Call Me By Your Name Defies Social Taboos

By Joseph Castel

Despite the current cultural climate and the #MeToo and #TimesUp movements that have ignited our collective consciousness, a Euro styled coming of age story about a boy just shy of manhood and an older man not yet 30, has taken this award season by storm.


“Call Me By Your Name” was nominated by the American Film Institute as one of the top 10 films of the year, received eight Critics Choice Awards, led the Independent Spirit Awards with most nominations, and garnered Golden Globe and SAG award nominations including those in the Best Actor and Supporting Actor categories.


The story’s set in the beautiful countryside of northern Italy in 1983. Same-sex sexual activity has been legal in Italy since 1890 with the age of consent being 14, regardless of gender and sexual orientation. So, the romance between the precocious 17 year-old Elio and his late 20s lover is completely legal. Their affair being socially acceptable is what the film grapples with in a very humanistic way.


Oliver (Armie Hammer) is a stunning grad student who spends the summer with his professor’s family as a research assistant. The blonde Adonis from America has to share an adjoining room with Elio, a talented pianist, composer and voracious reader.


Timothee Chalamet, 23, is a shoe in for the best actor nods as the lovelorn Elio. Chalamet brilliantly careens his character choices between awkward adolescent and detached pretentious protégé.

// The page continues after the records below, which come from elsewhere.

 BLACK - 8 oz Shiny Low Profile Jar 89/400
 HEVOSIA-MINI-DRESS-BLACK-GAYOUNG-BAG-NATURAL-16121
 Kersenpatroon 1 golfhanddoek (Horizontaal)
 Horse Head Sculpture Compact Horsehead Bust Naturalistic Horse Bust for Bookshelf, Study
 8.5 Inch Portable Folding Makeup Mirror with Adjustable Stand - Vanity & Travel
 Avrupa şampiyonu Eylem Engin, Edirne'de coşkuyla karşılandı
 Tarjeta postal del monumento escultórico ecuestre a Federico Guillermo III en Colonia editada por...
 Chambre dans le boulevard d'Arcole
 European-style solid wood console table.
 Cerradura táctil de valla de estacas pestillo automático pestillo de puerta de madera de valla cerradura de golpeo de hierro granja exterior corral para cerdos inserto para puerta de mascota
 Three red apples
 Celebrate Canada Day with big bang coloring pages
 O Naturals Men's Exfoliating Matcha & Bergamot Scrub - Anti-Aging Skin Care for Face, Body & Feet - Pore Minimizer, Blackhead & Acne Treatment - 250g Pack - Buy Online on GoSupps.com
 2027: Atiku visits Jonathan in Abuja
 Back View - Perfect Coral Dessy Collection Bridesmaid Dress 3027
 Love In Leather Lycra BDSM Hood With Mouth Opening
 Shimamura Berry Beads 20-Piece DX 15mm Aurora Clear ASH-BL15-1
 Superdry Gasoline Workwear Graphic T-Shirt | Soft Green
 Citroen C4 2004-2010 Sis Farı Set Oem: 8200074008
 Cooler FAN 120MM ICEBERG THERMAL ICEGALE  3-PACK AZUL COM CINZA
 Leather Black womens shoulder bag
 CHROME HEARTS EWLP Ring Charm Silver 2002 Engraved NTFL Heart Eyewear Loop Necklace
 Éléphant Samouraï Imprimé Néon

The chemistry between the characters is precarious as well as provocative. It’s not clear at first whether Oliver is a smooth operator or genuinely falling for Elio, hence, the controversy. If Oliver’s amorous charms are used to play with Elio’s adolescent emotions just to bed him, then it does come off as self-serving.


The answer to whether the overconfident Oliver is sincere or not lies within the subtle, discreet and numerous scenes Italian director Luca Guadagnino has carefully orchestrated as he slowly peels back the layers of each characters’ perplexing and volatile moods.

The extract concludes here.